Cash generation, liquidity offset Li & Fung's sluggish 2014 results

The results were weaker than expected.

Moody's Investors Service says that Li & Fung's operating results for the year ended 31 December 2014 were weaker than expected and had a negative impact on its credit profile.

According to a release from Moody's Investors Service, however, the company's cash generation and liquidity continue to support its Baa1 issuer rating, the Baa3 rating on the perpetual securities, and stable rating outlook.

Li & Fung reported 2014 revenue and core operating profit of $19.3 billion and $604 million, respectively, up 1% and down 18% from 2013. Its core operating profit margin decreased by about 74 basis points to 3.1%.

The company attributed declining operating income and profitability to the adverse impact the competitive retail environment in the US and Europe is having on its major customers, geopolitical uncertainties with the Ukraine and Russia which also affect some European customers, and rising labor costs among suppliers.

Here's more from Moody's Investors Service:

Adjusted debt to EBITDA and EBITDA interest coverage were about 3.1x and 5.3x, which ordinarily would be weak for the Baa1 rating category.

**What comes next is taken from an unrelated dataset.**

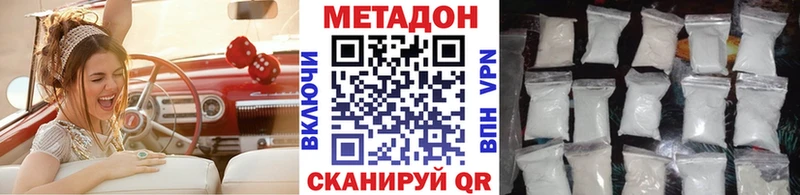 Метадон мёд  как найти   Болхов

However, the company maintains an excellent liquidity profile, with surplus cash following last year's spinoff of Global Brands Group (unrated). Adjusted net debt to EBITDA was about 2.4x at year end.

Cash flow from operating activities for 2014 was about $638 million, while cash and bank balances and availability under committed bank facilities at year end were about $539 million and $704 million, respectively.

These sources were more than sufficient to cover short-term debt of $162 million, annual capex of about $80 million, and declared and special dividends, which in 2015 should amount to about $300 million.

Moody's expects that the retail environment will remain challenging for Li & Fung's customers in 2015 and that the company will remain challenged to grow revenue and operating profit. Nonetheless, the cash generative nature of its business enables the company to manage its leverage and interest costs.

Li & Fung Limited's ratings were assigned by evaluating factors that Moody's considers relevant to the credit profile of the issuer, such as the company's (i) business risk and competitive position compared with others within the industry; (ii) capital structure and financial risk; (iii) projected performance over the near to intermediate term; and (iv) management's track record and tolerance for risk.

Moody's compared these attributes against other issuers both within and outside Li & Fung Limited's core industry and believes Li & Fung Limited's ratings are comparable to those of other issuers with similar credit risk.